After you have Windows 2000 Server installed, you need to get to work creating, configuring, and controlling access to resources. This means that you need to know about users and groups, Dfs, printers, and other operating systems that want to connect to your Windows 2000 Server. This quiz tests your knowledge on this Windows 2000 Server exam objective.

  1. Sherri is the network administrator for Green Enterprises. Her network consists of seven Windows 2000 Servers, four of which are domain controllers, and 455 Windows 2000 Professionals. Her assistant, Barney, is securing a folder using NTFS permissions. Sherri has requested that the global groups Sales, Finance, and Managers have Change permission to the folder. Barney has created a local group called Lsales, and has assigned the local group Change permission to the folder. What must Barney do in this scenario to finish the NTFS permissions?

    1. Barney must add all of users from the Sales, Finance, and Managers groups to the Local group Sales, and share the folder.
    2. Barney must add the Sales, Finance, and Managers group to the Permissions tab of the folder properties, and share the folder.
    3. Barney must add the Sales, Finance, and Managers group to the Share tab of the folder properties, and share the folder.
    4. Barney must add the Sales, Finance, and Managers group to the local LSales group and then share the folder.

    Answer

  2. Harriet is the network administrator for a Windows 2000 domain. Her domain consists of six Windows 2000 Servers acting as domain controllers, four Windows 2000 Servers acting as member servers, and 765 Windows 2000 Professional clients. One of her member servers, named CPrinters, is a printer server for all of the color printers in the company. She has just added a new laser color printer on the network that allows users to print documents at an incredible speed of up to 75 pages per minute. Only certain users within the company can use this printer initially. What type of group needs to be created on CPrinters for this scenario?
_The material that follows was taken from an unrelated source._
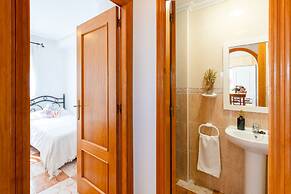 Honey Life Villa by Fidalsa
    1. Harriet should create a universal group.
    2. Harriet should create a global group
    3. Harriet should create a local group.
    4. Harriet actually doesn't need a group; she needs an OU.

    Answer

  3. Joey is the network administrator for his company. His network consists of two Windows 2000 Servers acting as domain controllers, a Windows 2000 Server acting as a member server, and 120 Windows 2000 Professionals as network clients. On the member server, Joey has created a local group named Lsales; and has added the global Sales group, the global Managers group, and Frank the CEO. It has come to Joey's attention that LSales is the name of one of the accounts his company calls on, and the group name is confusing his assistant, Andrew. What can Joey do to resolve the problem?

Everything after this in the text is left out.